Mike Klonsky’s SmallTalk Blog: Duncan Big on Accountability. But Not His Own.
Arne Duncan is the great educational know-nothing. As a result, he loads his speeches up with empty clichés and meaningless phases in place of solid dialog about teaching and learning.
In a speech Monday at the University of Maryland Baltimore County, Duncan tells his faithful,
"When students enroll in college, he said, the chances of a successful outcome — getting a degree — amount to “a coin toss.”
“The challenge we face is easy to articulate, if not to solve.” There is, he said, “a lot of heavy lifting and culture change ahead.”
"This is not a free lunch for higher education by any stretch."
He goes on to decry the "lack of accountability" (not his own) in public ed. He blames it all on "politics" and "bureaucracy". This coming from Pres.
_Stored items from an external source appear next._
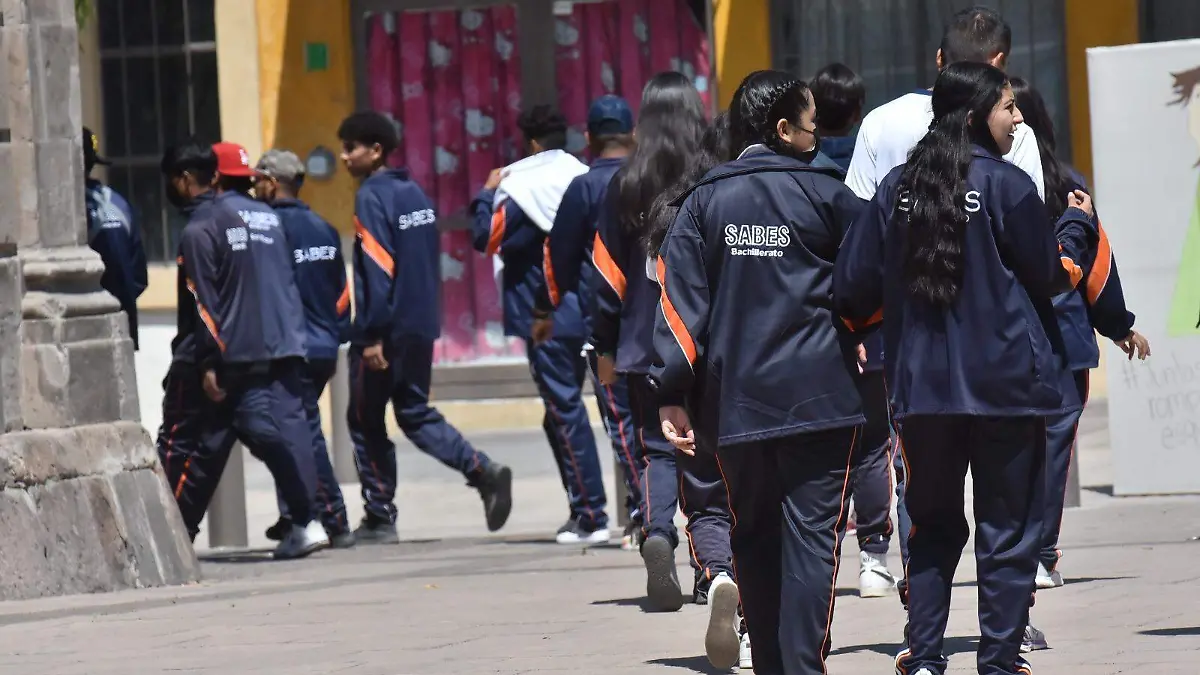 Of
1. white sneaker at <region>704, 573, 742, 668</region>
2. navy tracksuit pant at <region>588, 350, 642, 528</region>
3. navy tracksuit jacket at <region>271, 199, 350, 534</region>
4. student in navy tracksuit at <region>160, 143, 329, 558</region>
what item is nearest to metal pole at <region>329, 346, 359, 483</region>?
navy tracksuit jacket at <region>271, 199, 350, 534</region>

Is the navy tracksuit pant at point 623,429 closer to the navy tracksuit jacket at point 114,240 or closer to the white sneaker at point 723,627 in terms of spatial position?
the navy tracksuit jacket at point 114,240

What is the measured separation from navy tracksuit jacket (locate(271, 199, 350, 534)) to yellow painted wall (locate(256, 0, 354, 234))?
16.2ft

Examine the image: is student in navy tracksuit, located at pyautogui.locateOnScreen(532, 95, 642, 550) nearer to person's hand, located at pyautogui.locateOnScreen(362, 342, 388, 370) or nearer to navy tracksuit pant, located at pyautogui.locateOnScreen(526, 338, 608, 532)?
navy tracksuit pant, located at pyautogui.locateOnScreen(526, 338, 608, 532)

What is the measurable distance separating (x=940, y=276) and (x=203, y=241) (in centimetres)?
518

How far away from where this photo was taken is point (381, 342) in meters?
10.6

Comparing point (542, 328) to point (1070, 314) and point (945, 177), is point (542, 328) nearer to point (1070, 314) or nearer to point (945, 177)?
point (1070, 314)

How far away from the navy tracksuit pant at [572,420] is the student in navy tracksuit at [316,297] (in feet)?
3.88

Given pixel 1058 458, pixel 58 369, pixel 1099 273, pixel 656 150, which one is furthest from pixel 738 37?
pixel 1099 273

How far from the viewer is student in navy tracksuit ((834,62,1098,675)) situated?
18.1 feet

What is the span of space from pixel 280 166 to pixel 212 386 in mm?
1405

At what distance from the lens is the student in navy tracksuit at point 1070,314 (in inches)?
266

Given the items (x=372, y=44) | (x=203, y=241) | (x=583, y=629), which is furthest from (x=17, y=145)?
(x=372, y=44)

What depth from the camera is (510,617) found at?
782 centimetres

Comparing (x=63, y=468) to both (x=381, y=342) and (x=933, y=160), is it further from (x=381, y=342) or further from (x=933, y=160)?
(x=933, y=160) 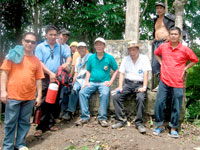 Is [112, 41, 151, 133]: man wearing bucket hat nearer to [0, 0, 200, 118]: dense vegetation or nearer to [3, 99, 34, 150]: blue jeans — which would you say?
[3, 99, 34, 150]: blue jeans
Obama's chief political appointee to the top of the one of the world biggest bureaucracies.
It all reminds me of when Duncan was Mayor Daley's patronage pick to run Chicago's schools back in 2001. He had been the protege of investment banker and Daley pal Jonathan Rogers, who Duncan claims, taught him "the business of education."
When I proposed putting a new small public school inside of shuttered Austin High School, Duncan said he would get the board to okay it, but warned that it had to be charter school. When I asked why, he explained that otherwise, "the bureaucracy will f_ck with you". I rejected the idea and responded: "But Arne. You are the bureaucracy. Why don't you just not f_ck with us?"
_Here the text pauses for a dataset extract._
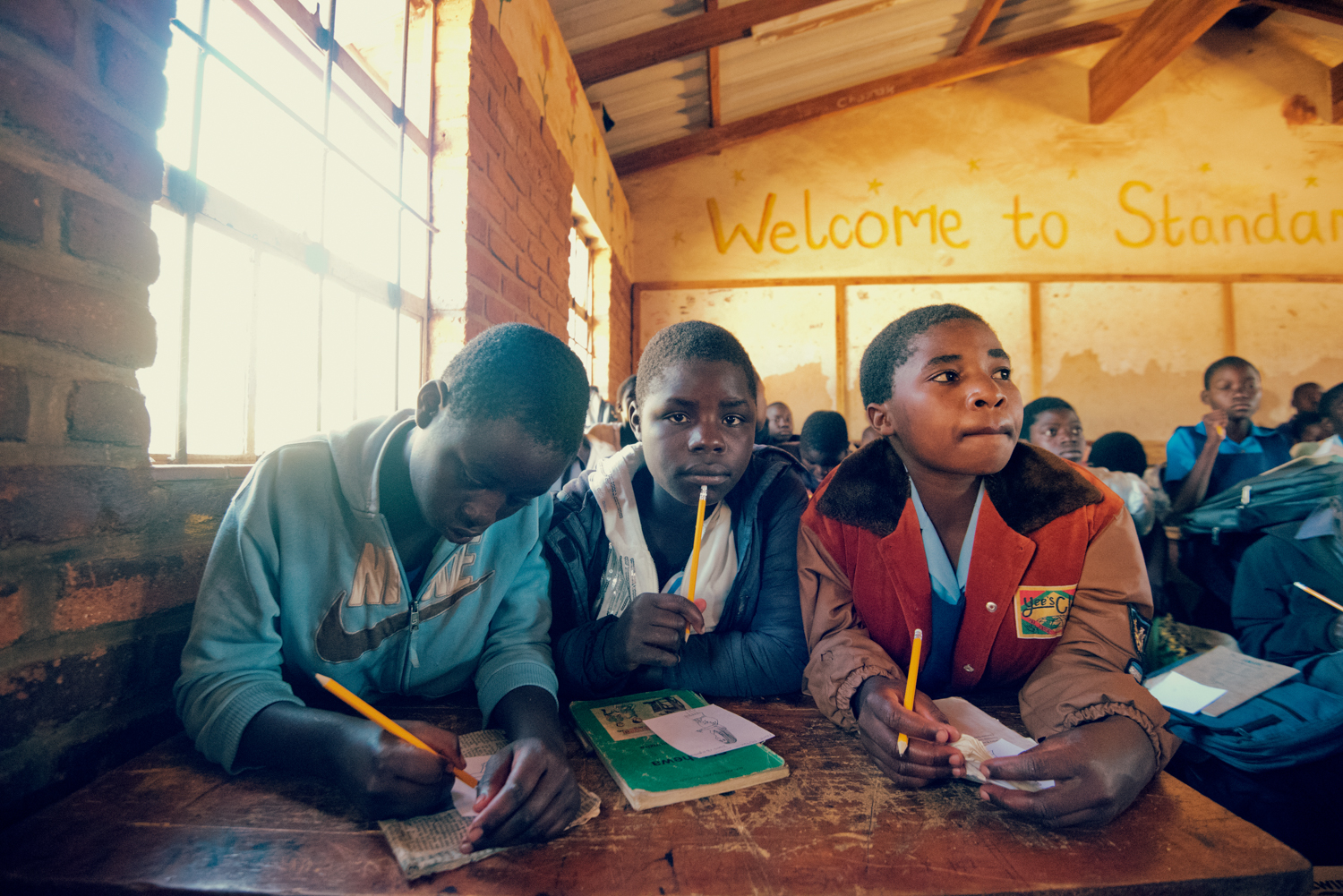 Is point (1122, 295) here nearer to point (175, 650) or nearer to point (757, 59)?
point (757, 59)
He seemed puzzled, but relented.
Accountability?
Students protest re-closing of Duncan's turnaround school.
In 2008, Dodge Elementary was where then president-elect Barack Obama, after drinking the "Chicago Miracle" kool-aid, announced Duncan as his pick for Secretary of Education.
“He’s shut down failing schools and replaced their entire staffs, even when it was unpopular,” Obama said at the time. “This school right here, Dodge Renaissance Academy, is a perfect example. Since this school was revamped and reopened in 2003, the number of students meeting state standards has more than tripled.”
But fast forward another five years, Dodge was closed again.
CPS spokesperson at the time said there was no one available to speak with the media on the record about the closing. She said CPS is “focusing on the challenges of today.”
Translation -- We don't need no stinkin' accountability.